Task item
Please copy, exactly as they appear below, the lines from the one containing "Vaux Park/Kicking Goat Padded Gilet" through the one containing "DreamBid. Zdjęcie 19.".

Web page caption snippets
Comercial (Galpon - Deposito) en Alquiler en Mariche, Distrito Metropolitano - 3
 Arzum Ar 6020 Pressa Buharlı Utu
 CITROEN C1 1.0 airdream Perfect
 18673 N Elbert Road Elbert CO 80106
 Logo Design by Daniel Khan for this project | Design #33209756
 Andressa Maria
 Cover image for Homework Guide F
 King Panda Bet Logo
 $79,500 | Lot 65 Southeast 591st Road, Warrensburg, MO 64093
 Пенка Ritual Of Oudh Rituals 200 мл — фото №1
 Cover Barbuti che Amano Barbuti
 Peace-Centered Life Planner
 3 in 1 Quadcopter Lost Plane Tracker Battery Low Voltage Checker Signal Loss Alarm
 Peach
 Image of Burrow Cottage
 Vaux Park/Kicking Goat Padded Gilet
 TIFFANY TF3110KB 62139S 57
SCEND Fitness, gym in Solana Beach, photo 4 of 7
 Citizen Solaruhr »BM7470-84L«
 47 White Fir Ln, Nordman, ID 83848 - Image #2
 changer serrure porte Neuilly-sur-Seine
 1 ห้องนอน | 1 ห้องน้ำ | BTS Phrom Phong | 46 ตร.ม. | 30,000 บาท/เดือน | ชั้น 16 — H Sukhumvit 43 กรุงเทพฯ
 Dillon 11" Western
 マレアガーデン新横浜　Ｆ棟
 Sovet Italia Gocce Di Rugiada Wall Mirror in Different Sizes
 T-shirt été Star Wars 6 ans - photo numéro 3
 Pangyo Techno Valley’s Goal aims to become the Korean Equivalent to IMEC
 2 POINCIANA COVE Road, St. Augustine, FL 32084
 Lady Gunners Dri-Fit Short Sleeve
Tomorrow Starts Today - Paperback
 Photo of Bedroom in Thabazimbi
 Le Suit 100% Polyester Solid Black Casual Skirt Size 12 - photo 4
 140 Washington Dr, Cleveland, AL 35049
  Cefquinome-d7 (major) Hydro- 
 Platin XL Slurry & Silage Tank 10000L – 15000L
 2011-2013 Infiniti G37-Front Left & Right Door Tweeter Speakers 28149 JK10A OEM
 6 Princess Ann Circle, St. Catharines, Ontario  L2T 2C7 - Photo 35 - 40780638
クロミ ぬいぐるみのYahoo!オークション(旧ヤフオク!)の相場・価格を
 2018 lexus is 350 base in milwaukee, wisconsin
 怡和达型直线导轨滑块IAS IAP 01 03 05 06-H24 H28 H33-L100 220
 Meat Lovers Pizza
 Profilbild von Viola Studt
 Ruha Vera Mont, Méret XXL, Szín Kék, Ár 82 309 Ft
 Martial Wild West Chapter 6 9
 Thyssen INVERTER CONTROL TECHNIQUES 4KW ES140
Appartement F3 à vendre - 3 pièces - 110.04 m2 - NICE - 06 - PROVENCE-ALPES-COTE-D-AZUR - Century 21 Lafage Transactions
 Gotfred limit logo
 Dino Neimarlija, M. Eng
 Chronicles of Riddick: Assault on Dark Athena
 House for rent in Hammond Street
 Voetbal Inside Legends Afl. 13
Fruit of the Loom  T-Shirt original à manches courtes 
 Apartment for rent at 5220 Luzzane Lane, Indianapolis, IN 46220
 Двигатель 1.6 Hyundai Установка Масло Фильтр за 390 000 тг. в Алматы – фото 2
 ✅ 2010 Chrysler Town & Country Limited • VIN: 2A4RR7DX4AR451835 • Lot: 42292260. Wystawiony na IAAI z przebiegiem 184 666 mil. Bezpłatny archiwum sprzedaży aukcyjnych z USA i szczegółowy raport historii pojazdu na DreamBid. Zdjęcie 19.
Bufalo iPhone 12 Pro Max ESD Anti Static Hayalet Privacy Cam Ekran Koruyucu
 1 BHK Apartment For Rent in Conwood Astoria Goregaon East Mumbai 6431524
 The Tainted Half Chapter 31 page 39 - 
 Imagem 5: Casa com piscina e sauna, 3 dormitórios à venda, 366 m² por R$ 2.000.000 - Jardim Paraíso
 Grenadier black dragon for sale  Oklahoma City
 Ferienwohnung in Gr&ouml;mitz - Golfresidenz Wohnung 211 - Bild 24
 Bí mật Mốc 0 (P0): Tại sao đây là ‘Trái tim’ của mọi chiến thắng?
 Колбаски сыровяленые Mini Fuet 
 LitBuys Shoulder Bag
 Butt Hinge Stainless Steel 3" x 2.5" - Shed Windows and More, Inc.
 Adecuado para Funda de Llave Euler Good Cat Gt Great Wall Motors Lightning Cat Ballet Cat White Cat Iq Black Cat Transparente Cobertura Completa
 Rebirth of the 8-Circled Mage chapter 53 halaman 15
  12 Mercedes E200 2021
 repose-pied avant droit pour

Output of the task
 Vaux Park/Kicking Goat Padded Gilet
 TIFFANY TF3110KB 62139S 57
SCEND Fitness, gym in Solana Beach, photo 4 of 7
 Citizen Solaruhr »BM7470-84L«
 47 White Fir Ln, Nordman, ID 83848 - Image #2
 changer serrure porte Neuilly-sur-Seine
 1 ห้องนอน | 1 ห้องน้ำ | BTS Phrom Phong | 46 ตร.ม. | 30,000 บาท/เดือน | ชั้น 16 — H Sukhumvit 43 กรุงเทพฯ
 Dillon 11" Western
 マレアガーデン新横浜　Ｆ棟
 Sovet Italia Gocce Di Rugiada Wall Mirror in Different Sizes
 T-shirt été Star Wars 6 ans - photo numéro 3
 Pangyo Techno Valley’s Goal aims to become the Korean Equivalent to IMEC
 2 POINCIANA COVE Road, St. Augustine, FL 32084
 Lady Gunners Dri-Fit Short Sleeve
Tomorrow Starts Today - Paperback
 Photo of Bedroom in Thabazimbi
 Le Suit 100% Polyester Solid Black Casual Skirt Size 12 - photo 4
 140 Washington Dr, Cleveland, AL 35049
  Cefquinome-d7 (major) Hydro- 
 Platin XL Slurry & Silage Tank 10000L – 15000L
 2011-2013 Infiniti G37-Front Left & Right Door Tweeter Speakers 28149 JK10A OEM
 6 Princess Ann Circle, St. Catharines, Ontario  L2T 2C7 - Photo 35 - 40780638
クロミ ぬいぐるみのYahoo!オークション(旧ヤフオク!)の相場・価格を
 2018 lexus is 350 base in milwaukee, wisconsin
 怡和达型直线导轨滑块IAS IAP 01 03 05 06-H24 H28 H33-L100 220
 Meat Lovers Pizza
 Profilbild von Viola Studt
 Ruha Vera Mont, Méret XXL, Szín Kék, Ár 82 309 Ft
 Martial Wild West Chapter 6 9
 Thyssen INVERTER CONTROL TECHNIQUES 4KW ES140
Appartement F3 à vendre - 3 pièces - 110.04 m2 - NICE - 06 - PROVENCE-ALPES-COTE-D-AZUR - Century 21 Lafage Transactions
 Gotfred limit logo
 Dino Neimarlija, M. Eng
 Chronicles of Riddick: Assault on Dark Athena
 House for rent in Hammond Street
 Voetbal Inside Legends Afl. 13
Fruit of the Loom  T-Shirt original à manches courtes 
 Apartment for rent at 5220 Luzzane Lane, Indianapolis, IN 46220
 Двигатель 1.6 Hyundai Установка Масло Фильтр за 390 000 тг. в Алматы – фото 2
 ✅ 2010 Chrysler Town & Country Limited • VIN: 2A4RR7DX4AR451835 • Lot: 42292260. Wystawiony na IAAI z przebiegiem 184 666 mil. Bezpłatny archiwum sprzedaży aukcyjnych z USA i szczegółowy raport historii pojazdu na DreamBid. Zdjęcie 19.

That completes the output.